On appeal, the plaintiffs claim that the trial court erred in determining (1) that the plaintiffs did not have property interests entitled to constitutional protection and (2) that they were not entitled to an accounting and distribution of any excessive surcharges paid.4 We find error in part.

*396The trial court’s memorandum of decision reflects that the parties stipulated to the following facts relevant to this appeal. Since 1976, some resident plaintiffs have earned annual incomes purportedly exceeding the maximum limits set out in General Statutes § 8-72a. Those plaintiffs have continued to occupy their units since that time, with the approval of the defendants, under a surcharge arrangement that requires over-income residents to pay, in addition to their rent, a monthly surcharge of 2 percent of their incomes that is in excess of the maximum limit. The maximum income limit has remained at $11,000 since 1981. In 1982, 46 percent of the tenants were classified as over-income. Prior to 1982, the authority made no attempt to evict over-income tenants. Also prior to 1982, the plaintiffs questioned the basis and formula for setting maximum income limits and surcharges.

In 1982, the authority moved to evict all tenants who had been classified as over-income for at least two years. Without prior notice or an opportunity for tenants to be heard, the authority, in March, 1982, issued sixty-day notices to vacate pursuant to General Statutes § 8-73.5 Despite the parties’ reported agreement *397to suspend further action pending a meeting among them to discuss the evictions and the policy on setting maximum income limits, some, but not all, over-income tenants received notices to quit before the meeting took place. No further action pursuant to these notices had been taken by the time of trial.

The procedure for setting maximum limits has not changed in twenty years. No policies or guidelines are given to authority members who set the limits, nor is there a schedule for reconsidering or adjusting the limits. When a commissioner moves to set a limit, the authority’s executive director consults an accountant for an economic overview of the project and then reports to the state housing commissioner. The report contains the dollar amount of the maximum limit requested by the executive director and the number of vacancies and pending applications for admission to the project. In the time that this procedure has been followed, the state department of housing has approved every request for a particular income limit submitted by the defendant authority. Neither the executive director nor any commissioner or other authorized person *398has ever considered the average wage for the town of Seymour in computing the maximum limit.

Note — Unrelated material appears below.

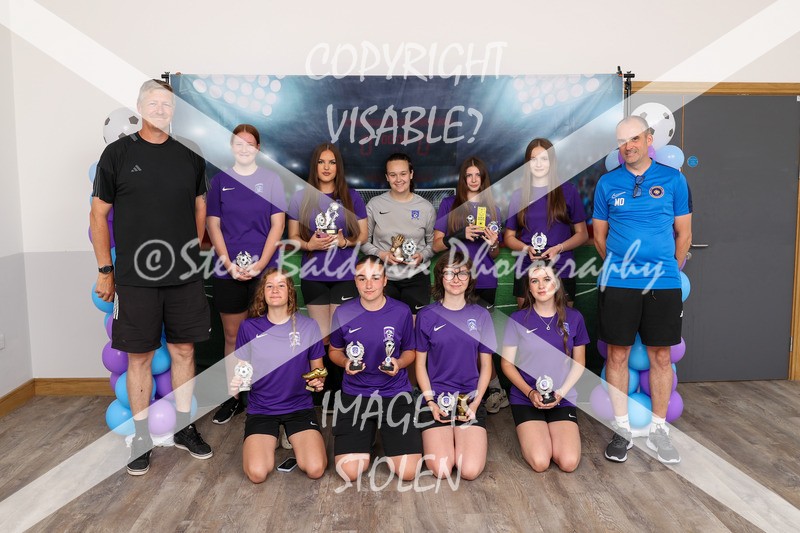 2025-06-21 FC Abbey Meads Presentations-679 - U16 Purple Girls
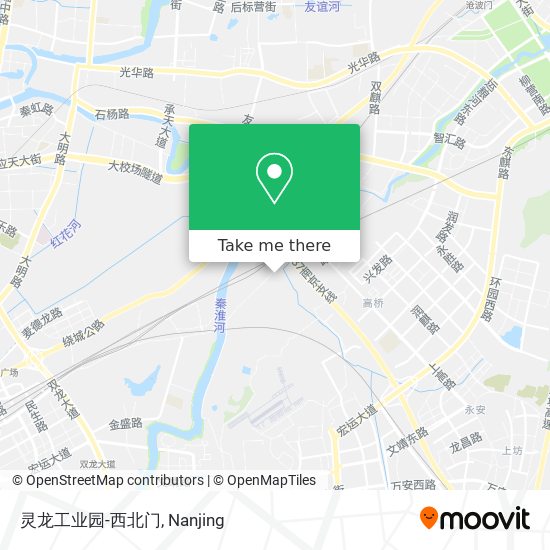 灵龙工业园-西北门 map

The parties have also stipulated to the existence of an amount of annual income derived from the rental of seventy-two units that has remained the same since 1977. They also agreed on the total amount of the surcharges paid by over-income tenants since 1977, and on the amount of cash and additional total reserves accumulated by the authority since 1977.

I

The plaintiffs’ first claim is that the trial court erred in finding that they did not have property interests protected under the federal and state constitutions.6 Although the plaintiffs have withdrawn their appeal on the issue of the facial unconstitutionality of the statute, they still claim a constitutional violation in the failure of the defendants to consider all statutorily mandated factors, and seek a remedy of return of the improperly collected surcharges. The plaintiffs’ approach to this issue is a confusing one, with intertwined claims of right and remedy, and of equal protection and due process violations; the latter seemingly encompassing both procedural and substantive due process claims and the procedural claim containing both notice and confiscation arguments.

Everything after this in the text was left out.